[Task inputs — start]

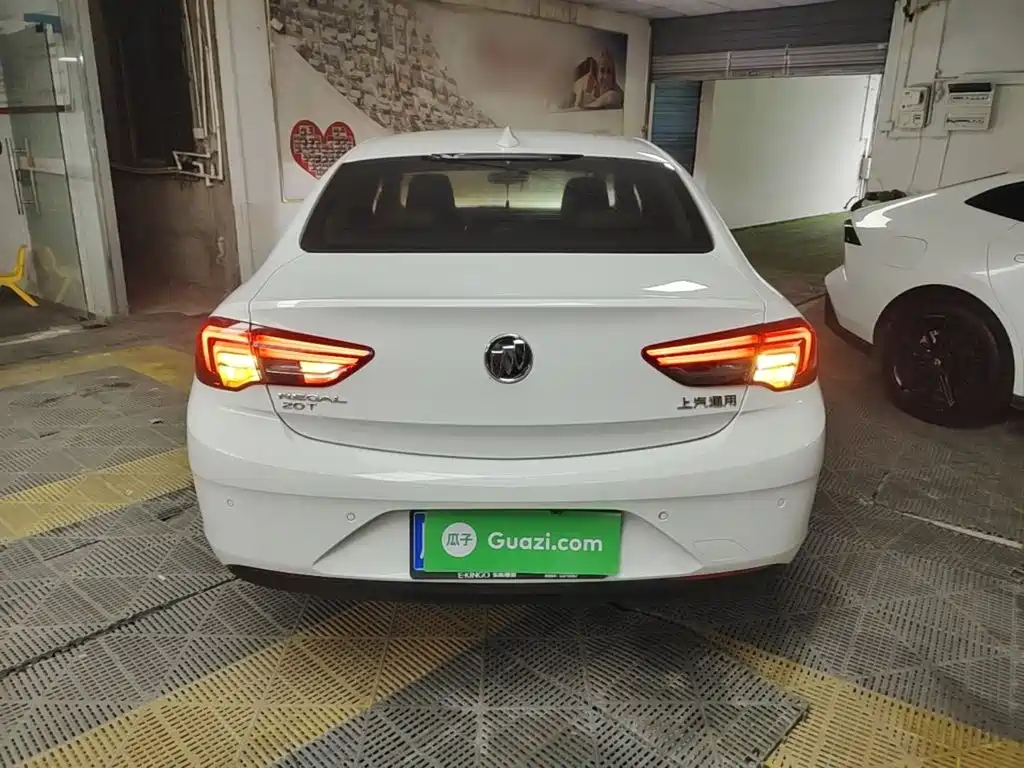 Buick Regal — миниатюра 6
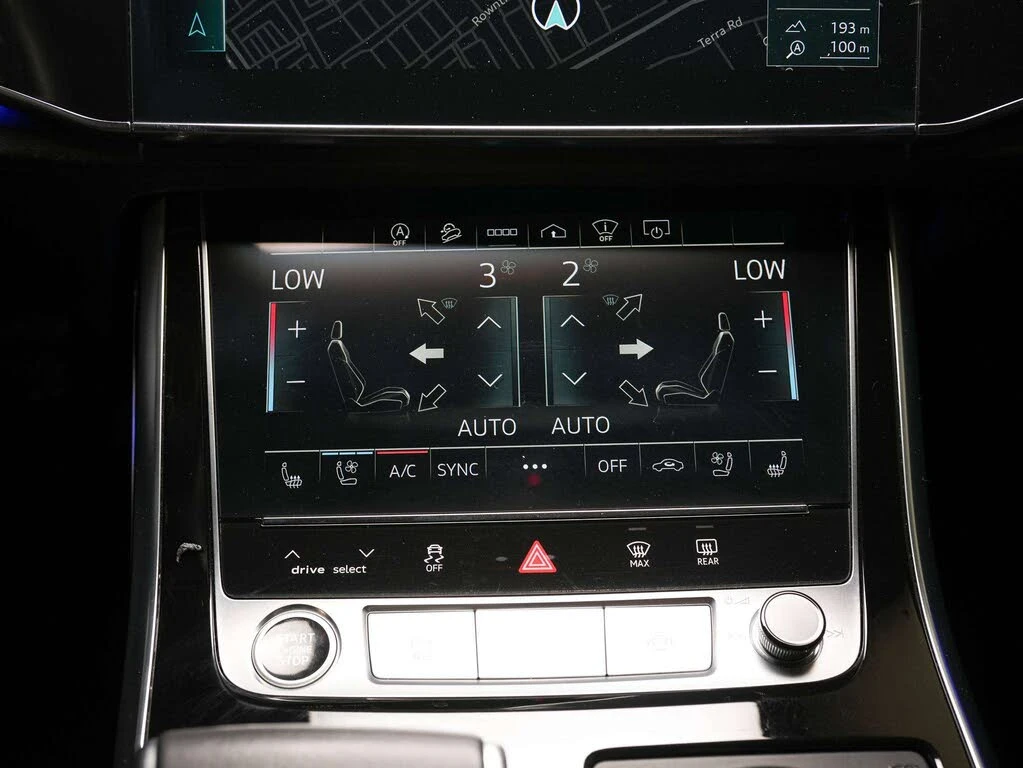 Audi Q8 3.0T* MATRIX* S* LINE* ОБДУХВАНЕ* LANE* ASSIST* ПА, снимка 9 - Автомобили и джипове - 55220137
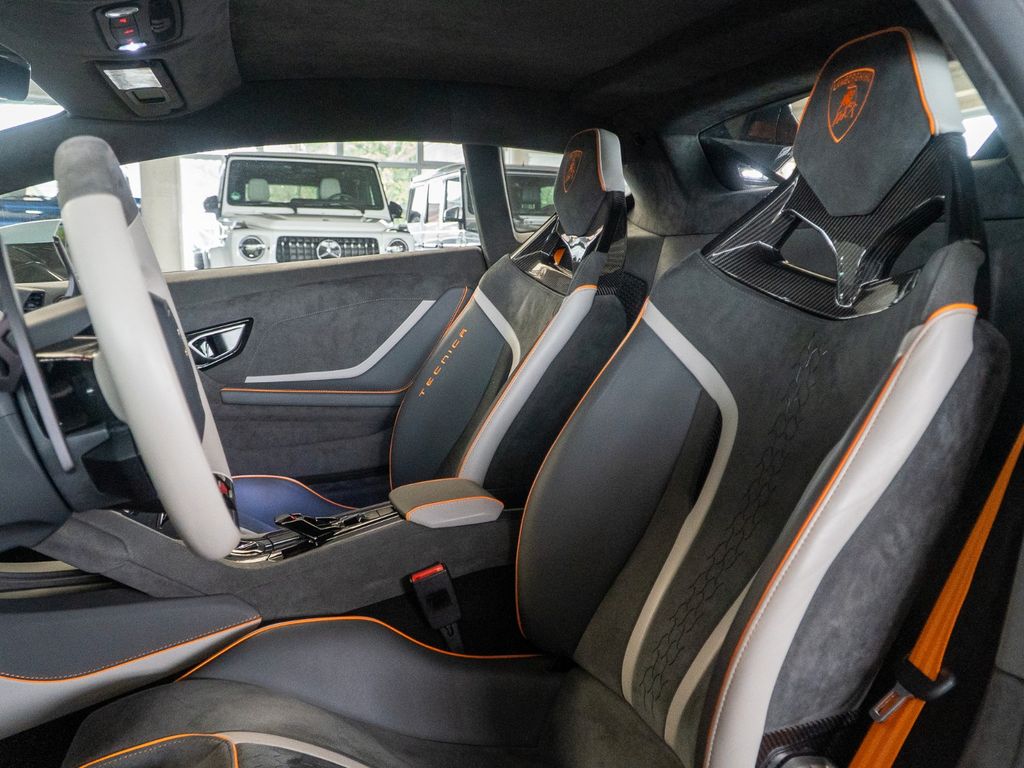 Lamborghini Huracán 2023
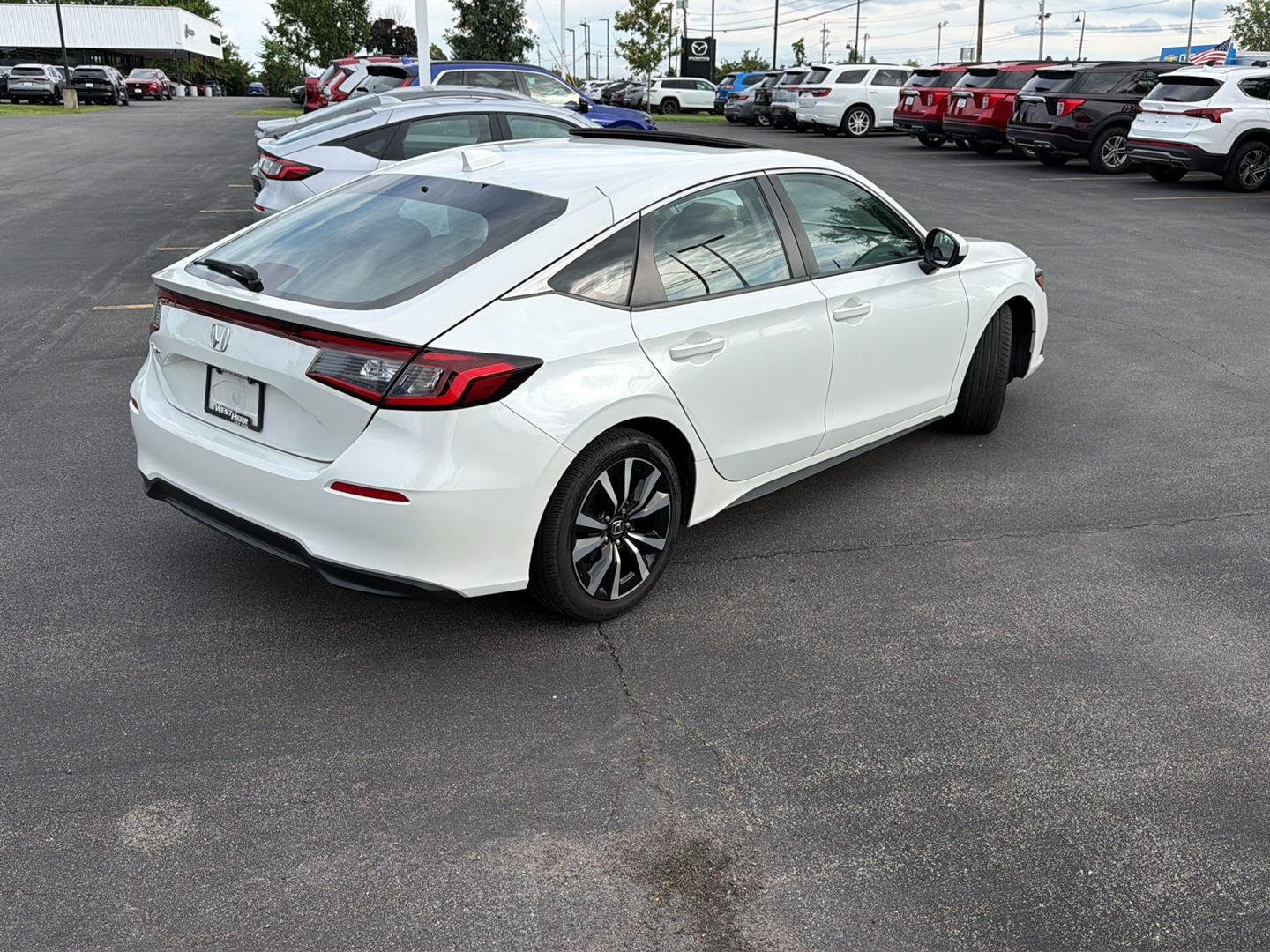 Used 2024 Platinum White Pearl Honda EX-L image 7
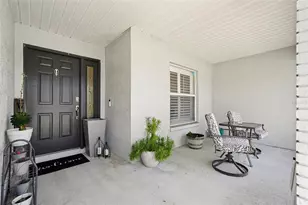 2333 Towering Oaks Cir, Seffner, FL 33584 - Photo 3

[Task inputs — finish]

• Exercise instructions
Begin at the line containing "Audi Q8 3.0T*" and stop at the final line of the data. Retype those lines exactly, without the pictures.

• Answer below
 Audi Q8 3.0T* MATRIX* S* LINE* ОБДУХВАНЕ* LANE* ASSIST* ПА, снимка 9 - Автомобили и джипове - 55220137
 Lamborghini Huracán 2023
 Used 2024 Platinum White Pearl Honda EX-L image 7
 2333 Towering Oaks Cir, Seffner, FL 33584 - Photo 3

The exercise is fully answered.